さらに『たまこラブストーリー』で、「日常のカタチの変化」に戸惑うたまこを元気づけたのも、商店街の「外」に嫁ぎながら「内」との行き来を繰り返すさゆりの姿でした。さゆりさん、ほんと重要キャラですね。
つながろうとする意思さえ失くさなければ、共同体の「外」に出て行くことは「リンク切れ」じゃなくて、むしろ「リンクの拡大」になるんだ、というこのような志向は、最近では『Free!ES』(2期)でも描かれていました。
◯おもち → きもち → とりもち
ここまで見てきたような、第3話と第10話をまたいで描かれる「キャラクター間の距離」や「開かれた共同体」というテーマのほかに、第3話では、デラの「とりもち」化も進行します。
第1話の感想に書いたように、『たまこまーけっと』では「おもち」はどストレートに「きもち」のメタファーでした。
その「おもち」を食べすぎてデブ化=「おもち」のような外見になったデラは、人と人との「あいだ」にある気持ちを「とりもつ」ようになる(「鳥」+「餅」=「とりもち」)。
デラにはもともと、人と人とをつなぐ通信機能が備わっていたわけですが、その機能が壊れはじめてからは、より直接的に人と人との「あいだ」をとりもつ役割を(意識的・無意識的を問わずに)果たしはじめます。そのはじまりが描かれたのが、この第3話。
まず、アバンでたまこが、デラの外見が「もち」に似てきたことを(再確認的に)指摘します。
「デラちゃん、最初に会ったころとぜんぜん違うよ。焼く前と焼いた後のおもちぐらい違うからイイ感じ。」
たまこさん、なぜか嬉しそうです。さすが変態もち娘(©かんな)。
デラが今回「とりもつ」のは、史織とたまこの「あいだ」です。史織に一目惚れしたデラは、人見知りな彼女を何度も商店街の「内」に誘います。

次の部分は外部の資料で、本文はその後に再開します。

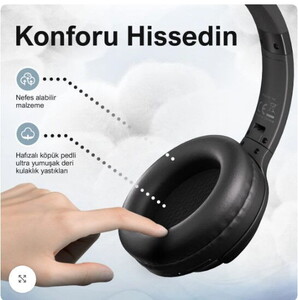 Bix H2 Kulak Üstü Bluetooth Kulaklık Siyah #5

「北白川さんに、伝えてください。”このあいだはありがとう” って。」
「それは、自分でいったほうが良いにきまっている。」
大人の表情をみせるデラ。結果、史織とたまこはめでたく友達に。デラさん今回のMVPですね…にも関わらず、たまこと史織からの扱いは容赦ないです。

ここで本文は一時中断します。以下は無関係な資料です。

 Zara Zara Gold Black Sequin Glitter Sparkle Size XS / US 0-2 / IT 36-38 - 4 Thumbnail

たまこ「ていうか、デラちゃん来なくていいよ。朝霧さんにつきまといすぎだし。ねぇ?」
史織 「あの、わたし、羽根が好きだからバドミントンやってるわけじゃないんで。」
美少女たちからダブルでこの仕打ち、これはこれでマニアには堪らないかも。たまこの笑顔と、史織の口調の温度の低さが高ポイントですね。『河合荘』のシロさんならきっと歓喜。
今回のデラはたしかに史織にがっつきすぎだし、それに対してたまこ達もこんなふうに容赦なく対応するんだけど、でもそれはあくまでギャグの範疇。この作品のキャラクターたちは、みんな、大事なところでは他者との適切な「距離」を保とうとする配慮のできる人(鳥)たちです。

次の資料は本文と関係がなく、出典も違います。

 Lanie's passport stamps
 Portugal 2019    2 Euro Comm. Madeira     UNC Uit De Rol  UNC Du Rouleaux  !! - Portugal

「もし、わたしやデラちゃんが迷惑かけてたら、ちゃんと言ってね。このあいだも、ずいぶん、馴れ馴れしかったなって。」
「下町人情もの」っぽい雰囲気も備えた『たまこまーけっと』ですが、「人と人とのあいだには、距離も必要」という感覚はしっかり描かれています。シリーズ構成を担当した吉田玲子のインタビューから。
「(…)商店街のみんなをはじめ、登場人物たちには遠慮がないように見えるけど、実際にはちょっとずつ遠慮しているっていう空気感、ですかね。」
「(…)人の心に土足で入ってくる人がいないっていうことなのかなあと。それが、この世界を作ってる大切なものなんだと思うんですけど。みんな人の気持ちがわかるんですよ。それは鳥ですらっていう(笑)」
(『Cut』2013年2月号)
このような意識のもとに作られている『たまこまーけっと』の中でも、第3話と第10話は「キャラクター間の "距離" が縮まる話」だっただけに、余計に「人と人とのあいだに、当然のものとしてある "距離"」の存在が強調されたエピソードでした。
◯むすび
今回、花屋の主人から史織に贈られた花は「スイートピー」。花言葉は「ほのかな喜び」「門出」「別離」「優しい思い出」「永遠の喜び」「私を忘れないで」などだそうです。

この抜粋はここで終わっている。